Wednesday, March 20, 2013

std::futures from std::async aren't special!

This is a slightly-revised version of my original post. It reflects information I've since received that confirms some of the suppositions I'd been making, and it rewords some things to clarify them.


It's comparatively well known that the std::future returned from std::async will block in its destructor until the asynchronously running thread has completed:
void f()
{
  std::future<void> fut = std::async(std::launch::async, 
                                     [] { /* compute, compute, compute */ });

}                                    // block here until thread spawned by
                                     // std::async completes
Only std::futures returned from std::async behave this way, so I had been under the impression that they were special. But now I believe otherwise. I now believe that all futures must behave the same way, regardless of whether they originated in std::async. This does not mean that all futures must block in their destructors.
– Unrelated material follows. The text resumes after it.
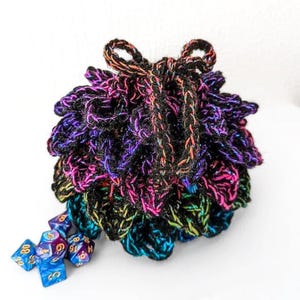 May include: A round, crocheted drawstring pouch featuring a layered, petal-like texture in black yarn with iridescent purple, blue, and green metallic highlights. Several multi-colored, translucent polyhedral dice are scattered at the base.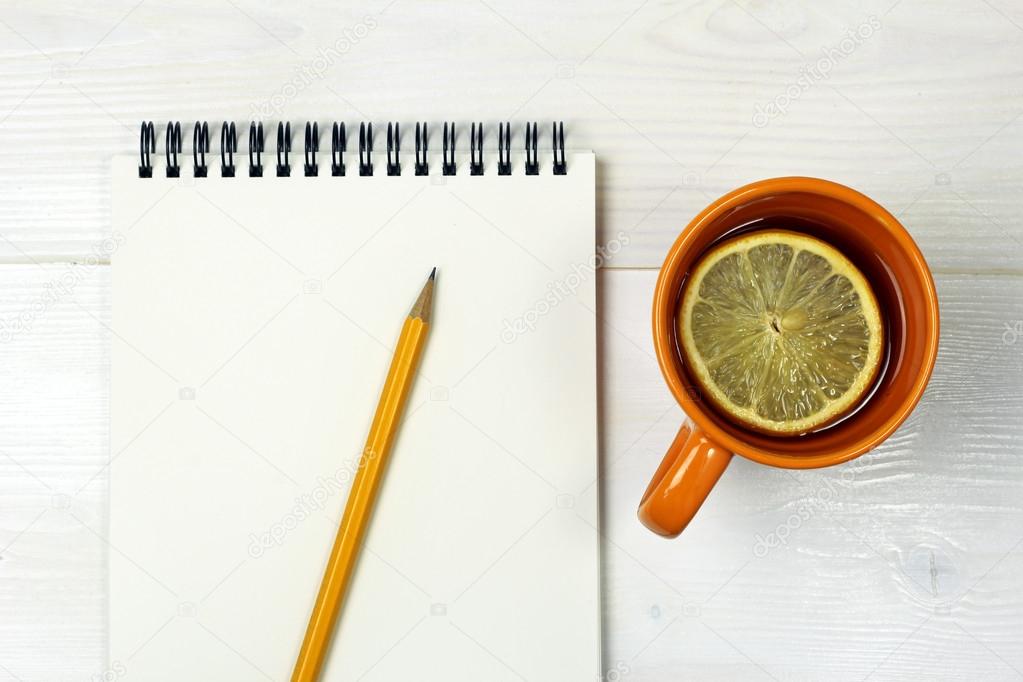 Blank notebook with pen and cup of tea on white wooden surface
The story is more nuanced than that.

There's definiately something special about std::async, because futures you get from other sources (e.g., from a std::promise or a std:: packaged_task) don't block in their destructors.  But how does the specialness of std::async affect the behavior of futures?

C++11 futures are the caller's end of a communications channel that begins with a callee that's (typically) called asynchronously. When the called function has a result to communicate to its caller, it performs a set operation on the std::promise corresponding to the future.  That is, an asynchronous callee sets a promise (i.e., writes a result to the communication channel between it and its caller), and its caller gets the future (i.e., reads the result from the communications channel).

(As usual, I'm ignoring a host of details that don't affect the basic story I'm telling.  Such details including return values versus exceptions, waiting versus getting, unshared versus shared futures, etc.)

Between the time a callee sets its promise and its caller does a corresponding get, an arbitrarily long time may elapse. (In fact, the get may never take place, but that's a detail I'm ignoring.) As a result, the std::promise object that was set may be destroyed before a get takes place.  This means that the value with which the callee sets the promise can't be stored in the promise--the promise may not have a long enough lifetime.  The value also can't be stored in the future corresponding to the promise, because the std::future returned from std::async could be moved into a std::shared_future before being destroyed, and the std::shared_future could then be copied many times to new objects, some of which would subsequently be destroyed. In that case, which future would hold the value returned by the callee?

Because neither the promise nor the future ends of the communications channel between caller and callee are suitable for storing the result of an asynchronously invoked function, it's stored in a neutral location. This location is known as the shared state.  There's nothing in the C++ standard library corresponding to the shared state.  No class, no type, no function. In practice, I'm guessing it's implemented as a class that's templatized on at least the type of the result to be communicated between callee and caller.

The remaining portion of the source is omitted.